As I have mentioned a number of times before, I have a mouth full of sweet teeth, and I am definitely not at the stage of giving up sweet foods completely.  I figure that, given there are a number of sweeteners provided to us by nature that do contain nutrition, I must be meant to eat them 🙂

So, as I mentioned, this Easter I made all my own Easter chocolates.  For the record, making my own was as much about making sure I had chocolate to eat this Easter, as it was for any other reason 🙂

Without question, my favorite natural sweetener is maple syrup. Maple syrup is made from the sap of maple trees, which is heated to remove some of the water content so that it creates that lovely syrup.  Maple syrup contains small amounts of vitamins and almost all minerals, which means our body knows what it needs to do with it.  Just don’t eat too much of it, because when you eat too much sugar/too many carbohydrates, your body knowing what to with it = adding it to your fat cells.

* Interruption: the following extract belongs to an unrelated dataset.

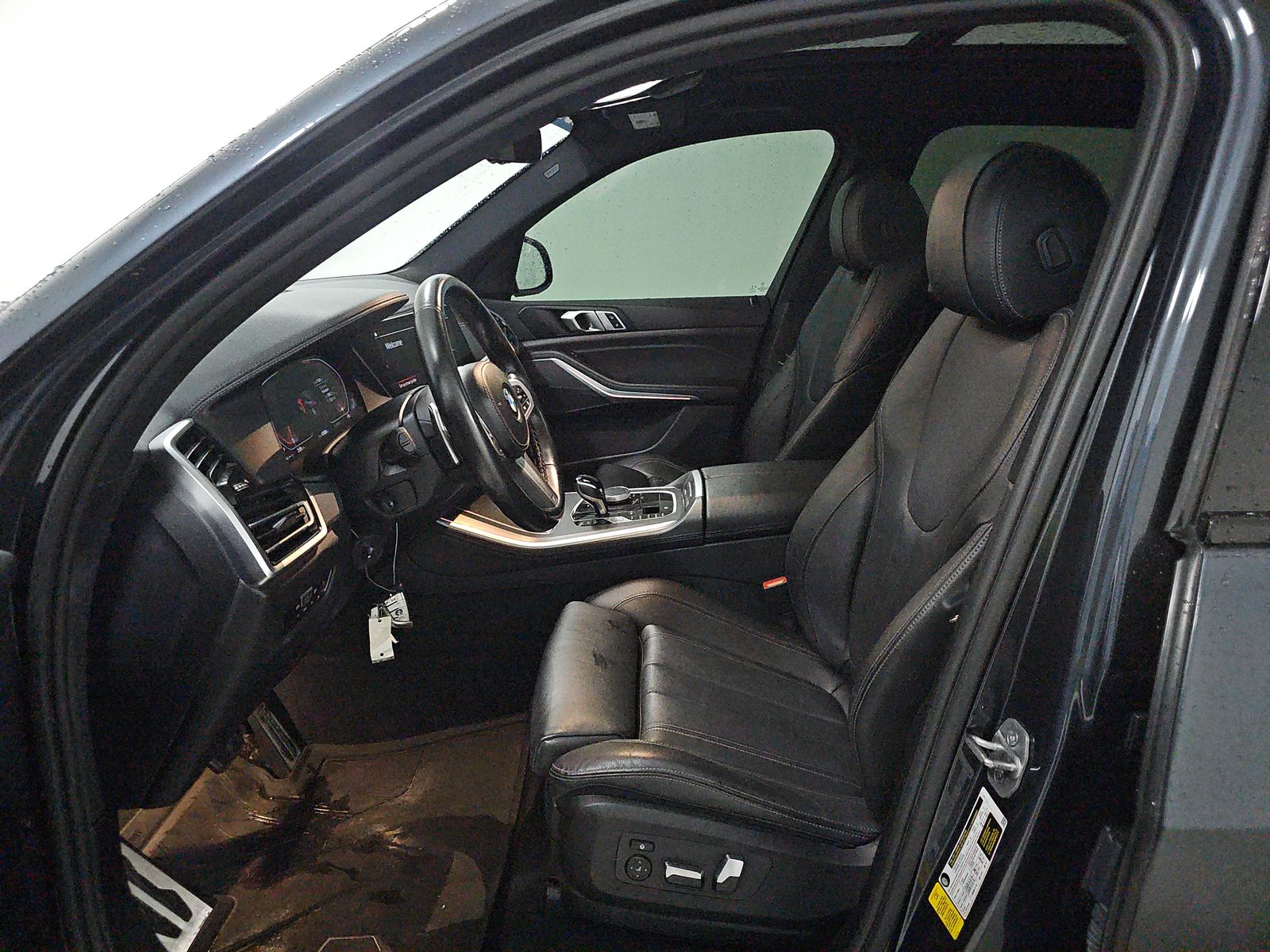 2022 BMW X5 sDrive40i RWD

Ok, enough of that, let’s get to the good stuff, here are the Easter sweeties I made this year, each of them super easy and super delicious.

Chocolate Almond Crunch Recipe

Up till this recipe I had been making all my own chocolate from coconut oil, this was first go with cocoa butter and I don’t think I can go back.  It is very delicious.



  • 1 cup cocoa butter
  • 1 cup of cocoa
  • 1/2 cup maple syrup (or more or less to taste)
  • 1 cup of almonds

What to do:

Melt the cocoa butter in a saucepan over low heat, then stir in the cocoa and maple syrup.  Scatter the almonds on the bottom of a non-stick tray and pour over chocolate mix.  Freeze.  Eat.

These are best kept in the freezer but you can keep them in the fridge but they will be more of a chocolate almond chew than a chocolate almond crunch 🙂

Chocolate Rough Type Things

My comment above about never going back was a bit hasty, I had no trouble going back to these.



  • 1 cup coconut oil
  • 1 cup cocoa
  • 1/2 cup maple syrup (more or less to taste)
  • 2 cups shredded coconut.

What to do:

Melt the coconut oil in a saucepan over low heat then add the cocoa and maple syrup to taste.  Put the coconut into a bowl and stir through the chocolate concoction.  Place smallish balls of the mixture onto a non-stick surface and freeze.  Now eat.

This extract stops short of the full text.